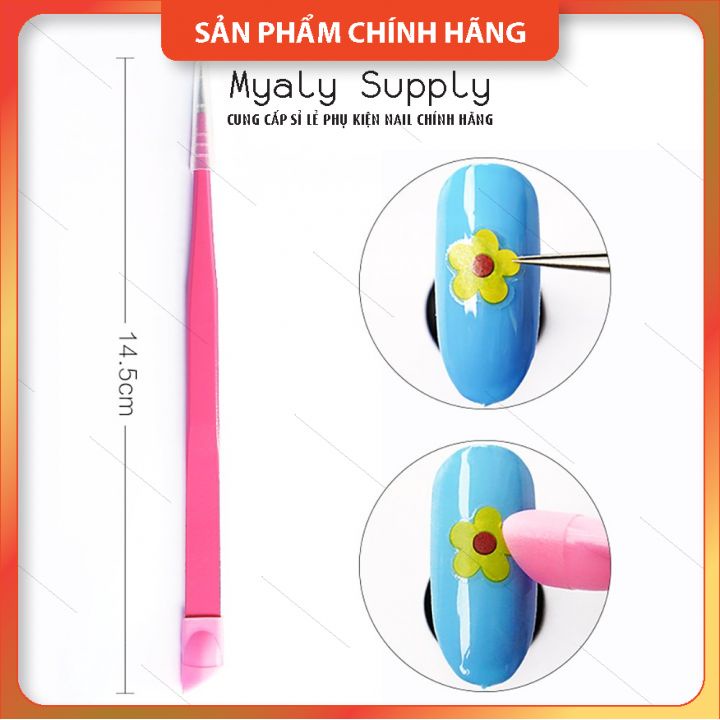 Nhíp Gắp Đá Nail Có Đầu Silicon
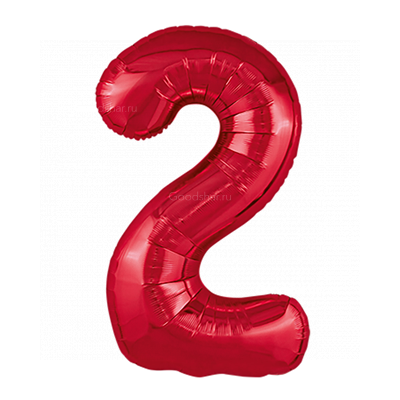 Цифра фольгированная 2 Red Цифра фольгированная 2 Red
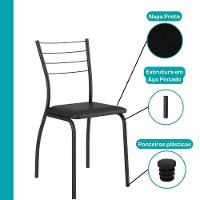 Conjunto Sala De Jantar 6 Cadeiras Austin Carraro Nogal Preto - 8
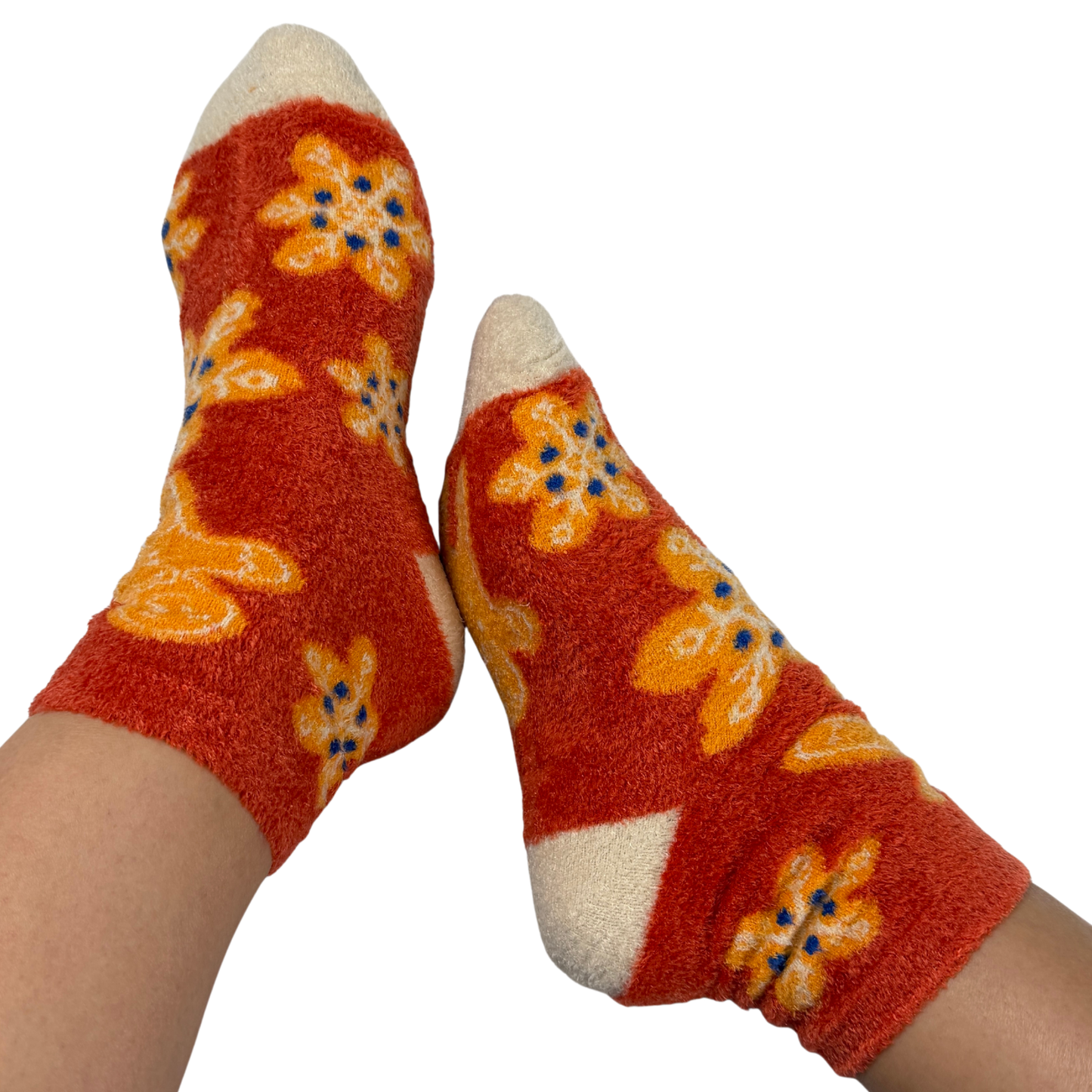 Fuzzy Gingerbread Dreams Socks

> What you need to do: Leave out the pictures and copy the rest of the material above exactly.

> Reply to the task:
 Nhíp Gắp Đá Nail Có Đầu Silicon
 Цифра фольгированная 2 Red Цифра фольгированная 2 Red
 Conjunto Sala De Jantar 6 Cadeiras Austin Carraro Nogal Preto - 8
 Fuzzy Gingerbread Dreams Socks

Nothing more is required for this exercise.